Data shown Start Marker

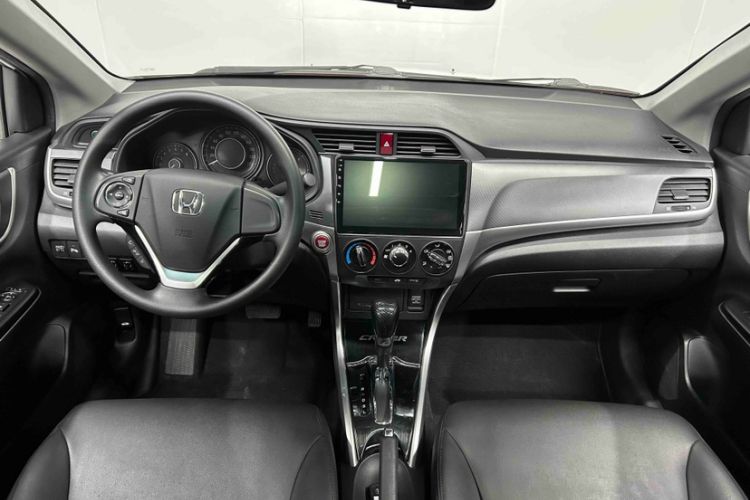 Used Honda Crider 2016 1.8L CVT Luxury Edition Interior 4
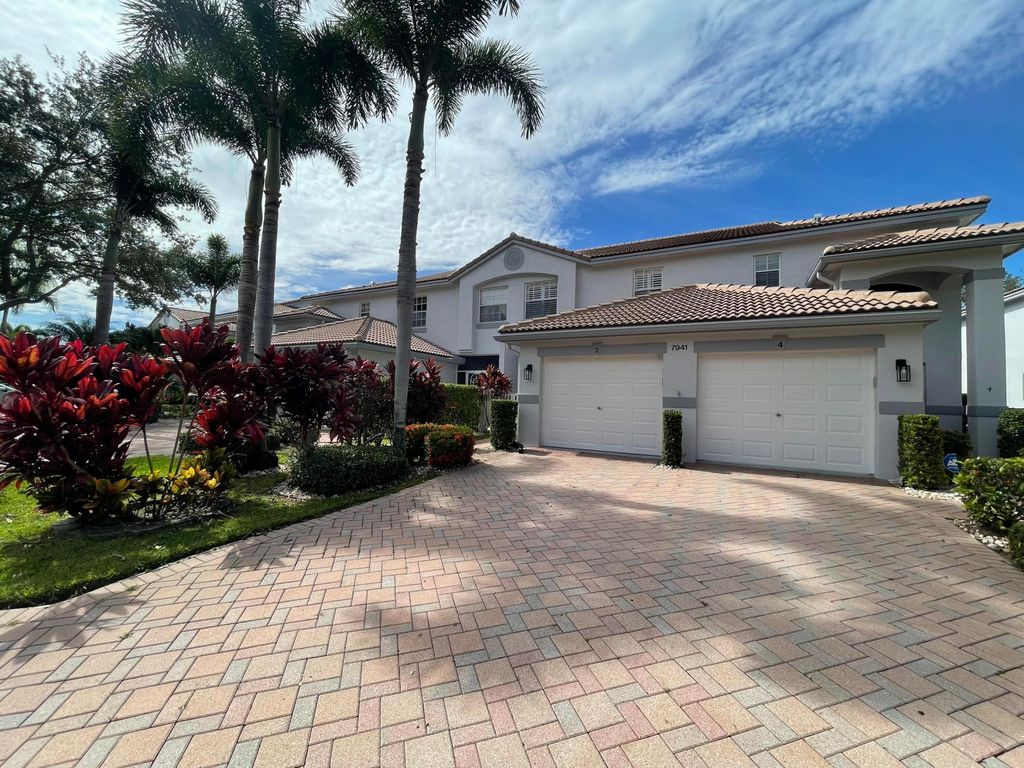 7941 LAINA Lane 2, Boynton Beach, FL 33437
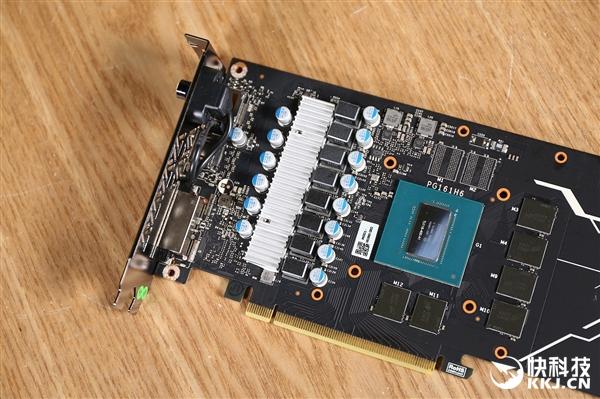 七彩虹igame gtx 1660 ti ultra 6g顯卡擁有3個接口,分別是1個dp接口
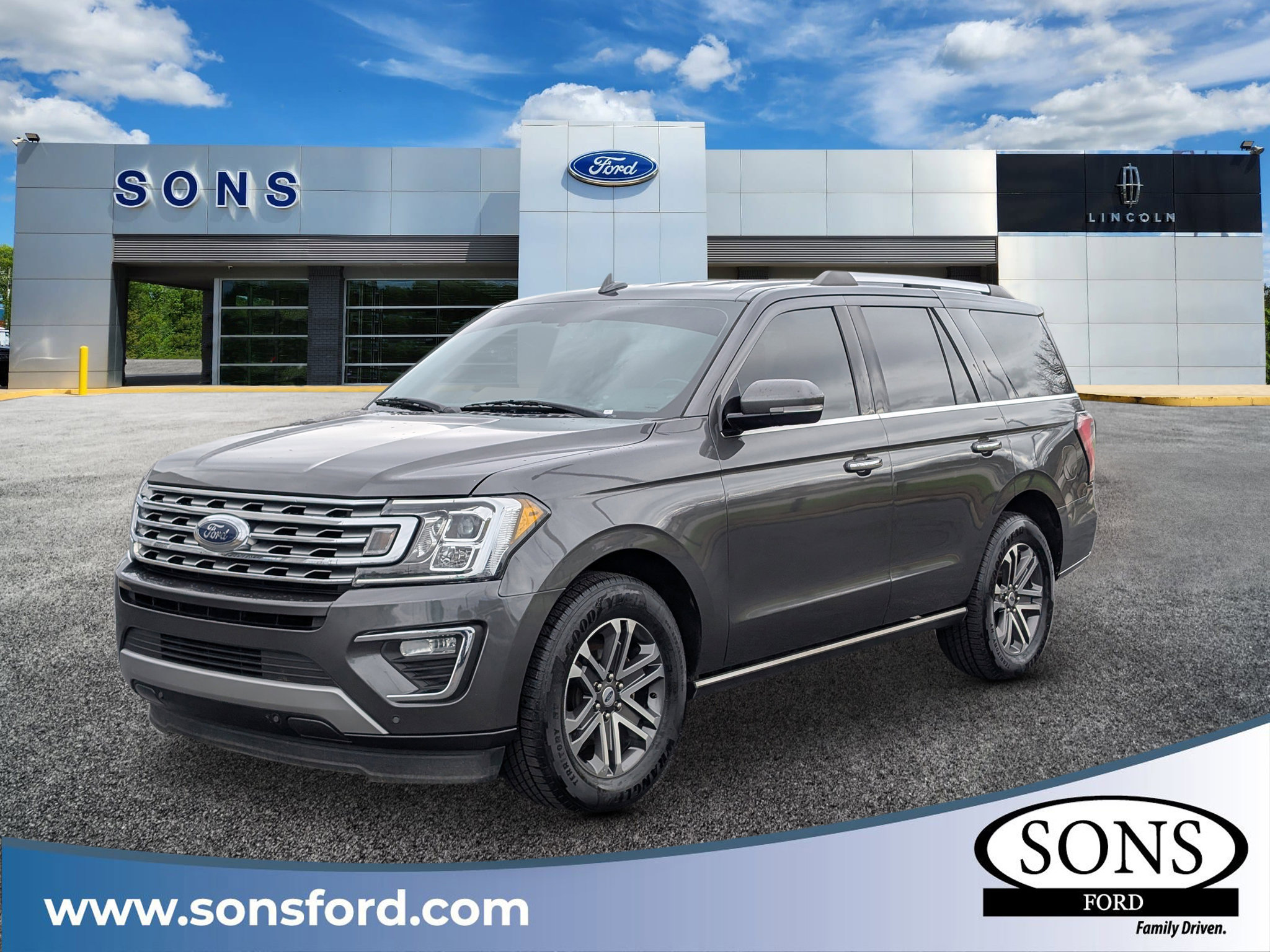 2019 Ford Expedition Limited's photo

Data shown End Marker

**Problem to solve**
The exact lines from the one containing "7941 LAINA Lane 2, Boynton Beach, FL 33437" through the end of the data are to be copied, with both ends kept and pictures left out.

**Response box**
 7941 LAINA Lane 2, Boynton Beach, FL 33437
 七彩虹igame gtx 1660 ti ultra 6g顯卡擁有3個接口,分別是1個dp接口
 2019 Ford Expedition Limited's photo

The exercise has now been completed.